На твердой земле
Уроки нам и другим
Не помню, сколько прошло времени. Возможно, что год, а может быть, месяц… Календарей не было. Время тогда было трудно измерить. Его течение потеряло равномерность. Когда удавалось выменять, скажем, старый гимназический мундир на сало «шпек», дни глотались залпом. Другие, сухомятные, дни тянулись, как недели, — долго и голодно. Распорядок суток стал совсем иным. Прежде центральным пунктом дня, укоренившимся часом сбора всей семьи был обед — торжественная еда, таинство, церемониал принятия пищи, трапеза, и весь день отмеривался «до обеда» и «после обеда». Теперь обеда как такового часто не было. Ели, когда было что есть. «Давайте подзакусим», — говорила тогда мама.

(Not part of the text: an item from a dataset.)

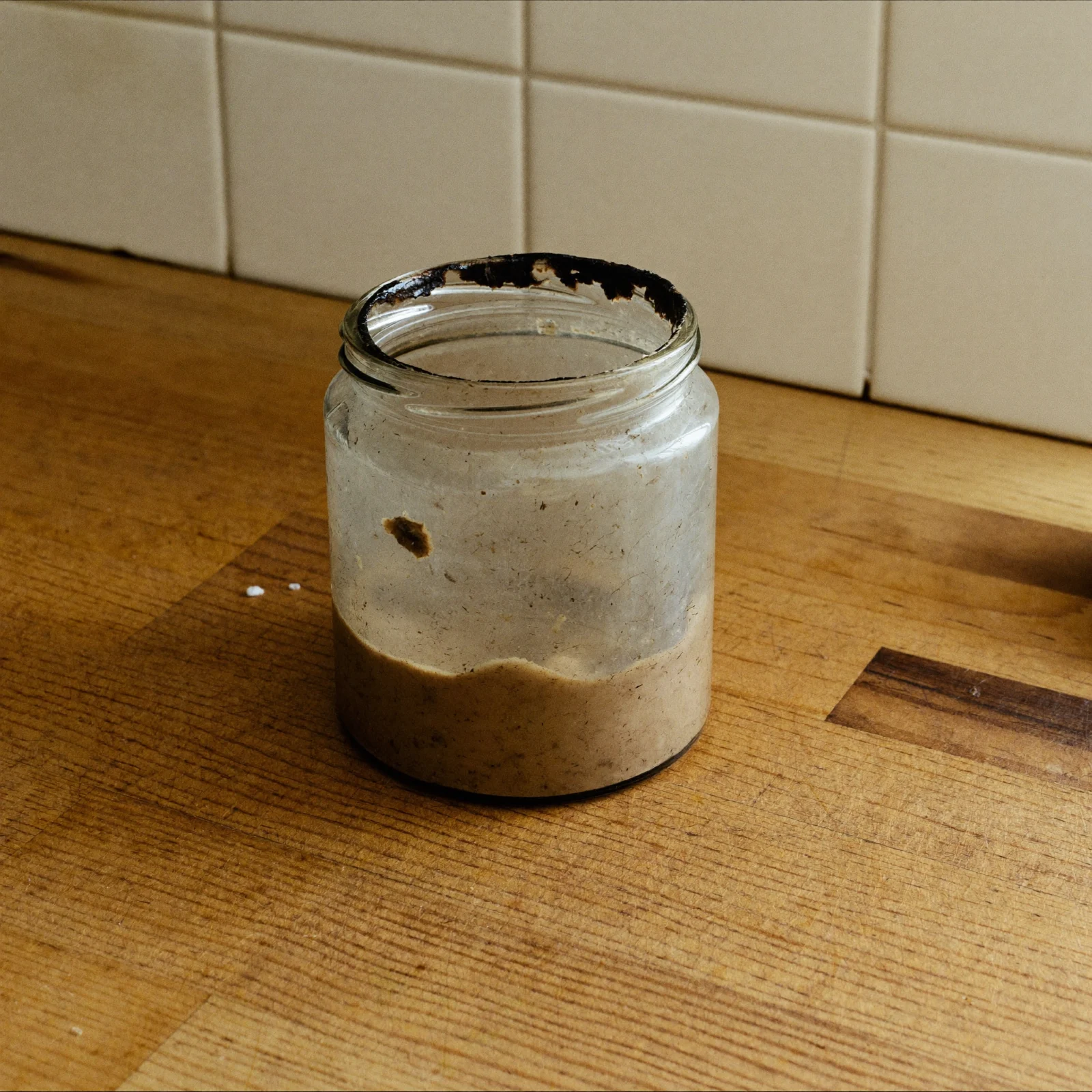 An open jar of almond butter gone dull and greyish brown at the surface with a darkened ring at the rim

И ели на ходу, как на вокзале, стоя, так как было страшно вступить в общение с ледяным стулом. В комнате было студено, и каждый инстинктивно скупился уделить собственный нагрев бездушному предмету…
Мы двигались, сторонясь холодных вещей. Вещи хватали наше тепло. Установили дежурство истопников. Утром дежурный, кляцая зубами, выползал из-под горы одеял и портьер. Реомюр стыл на четырех. Дежурный прыгал в неуютные валенки и растапливал печку-«буржуйку». Печурка кратковременно распалялась. Вместе с Реомюром поднимались все обитатели нашей квартирки. Буфет стоял — душа нараспашку. Он был гол и пуст, хоть в кегли играй, то есть хоть шаром покати. Мы ели пресную кашу из тыквы и пили арбузный чай с сахарином.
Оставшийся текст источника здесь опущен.